Introduction
In the past few releases, Network Director has greatly eased the complexity in provisioning/managing different topologies such as “Virtual Chassis Fabric”, “Layer 3 Fabric” etc. Network Director 3.0 supports provisioning/managing of Junos Fusion systems. The objective of this article is to illustrate how Network Director simplifies the deployment of Junos Fusion by automating several aspects that are required in setting up Junos Fusion with hybrid (standalone and cluster) satellites.
Network Builder
It would be easier if all supported topologies are integrated as part of a common workflow. “Network Builder” is a common launch point that helps the user set up different supported topologies that are applicable to both campus and data center environments.
“Build” mode in Network Director 3.0 has a new task group called “Network Builder”. The “Network Builder” task group has the task to "Manage Fusion Config.

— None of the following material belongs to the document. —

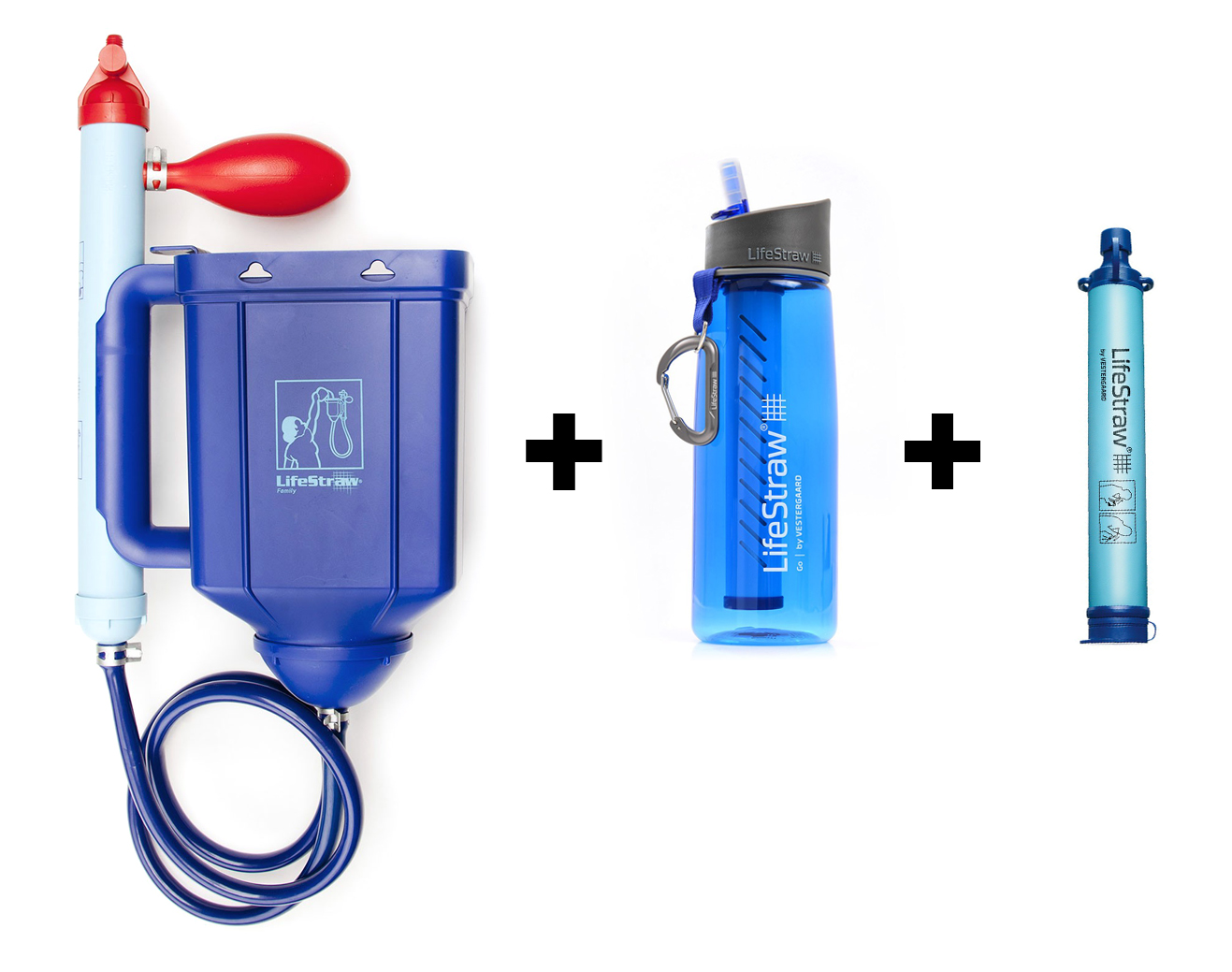 NEW LifeStraw Family 1.0 Water Purifier FREE SHIPPING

Templates" and "Manage Fusion Fabrics".
Templates
In large campus and data center environments, several instances of similar topology (Virtual Chassis Fabric/Junos Fusion/Layer 3 Fabric etc.) are possible. Not only is it cumbersome to create an instance one at a time but also error prone and difficult to manage. The common settings that are applicable to several instances can be abstracted to a template and can be applied to bring up one or many instances. The template will not have any configuration that is instance specific. The user will have to provide instance-specific configuration attributes at the time of applying/assigning a template. The user will be able to create as many templates as required for different topologies. After the template is created, the template would appear in the template-landing page. The user will be able to execute template-related operations (such as create a template, clone a template, view and delete the template) from the template-landing page. The user will not be able to edit a template once it is created.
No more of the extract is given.